Given data –
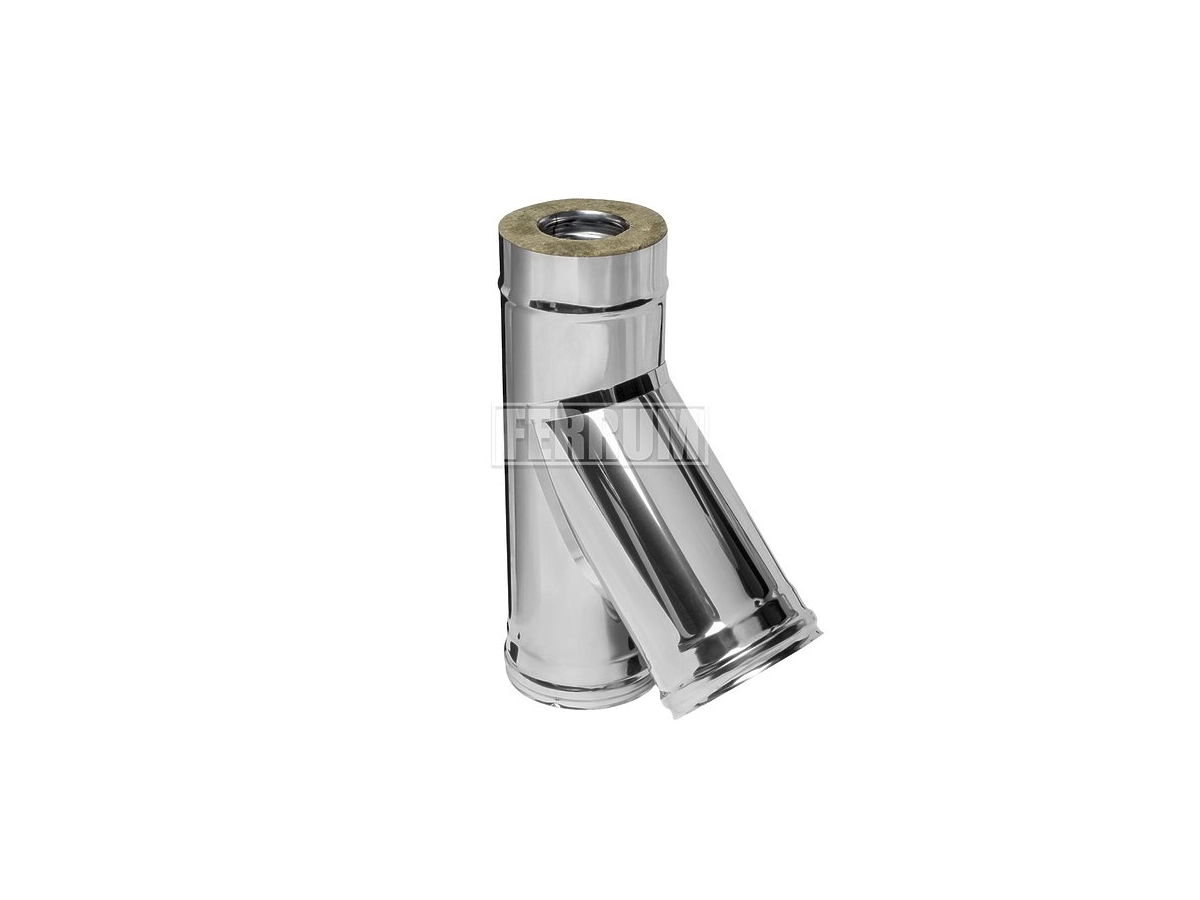 Тройник дымоходный 45° утеплённый FERRUM d.115-200 мм (inox 430/0,5 мм)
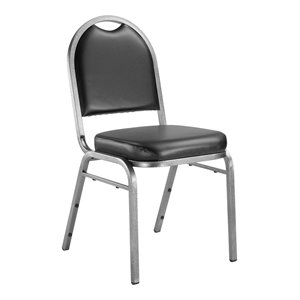 Pemberly Row 35&quot Metal and Vinyl Stack Chair in Panther Black Seat/Silvervein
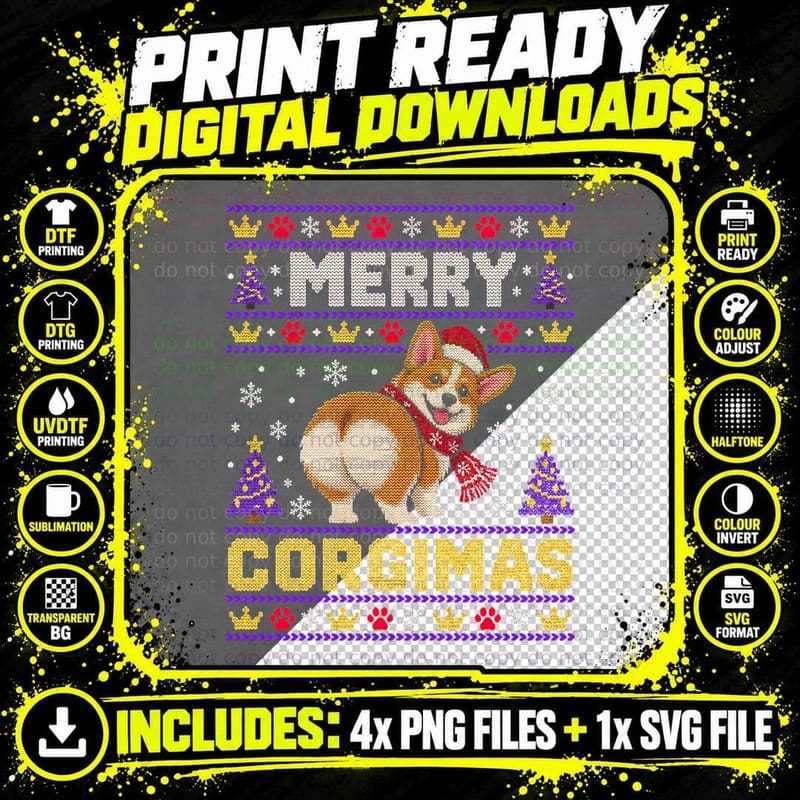 Corgi Christmas Ugly Sweater Pembroke Welsh Corgi Dog Png SVG Digital Bundle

Activity – Skipping any images, write out all the data exactly.

Answer to this task –
 Тройник дымоходный 45° утеплённый FERRUM d.115-200 мм (inox 430/0,5 мм)
 Pemberly Row 35&quot Metal and Vinyl Stack Chair in Panther Black Seat/Silvervein
 Corgi Christmas Ugly Sweater Pembroke Welsh Corgi Dog Png SVG Digital Bundle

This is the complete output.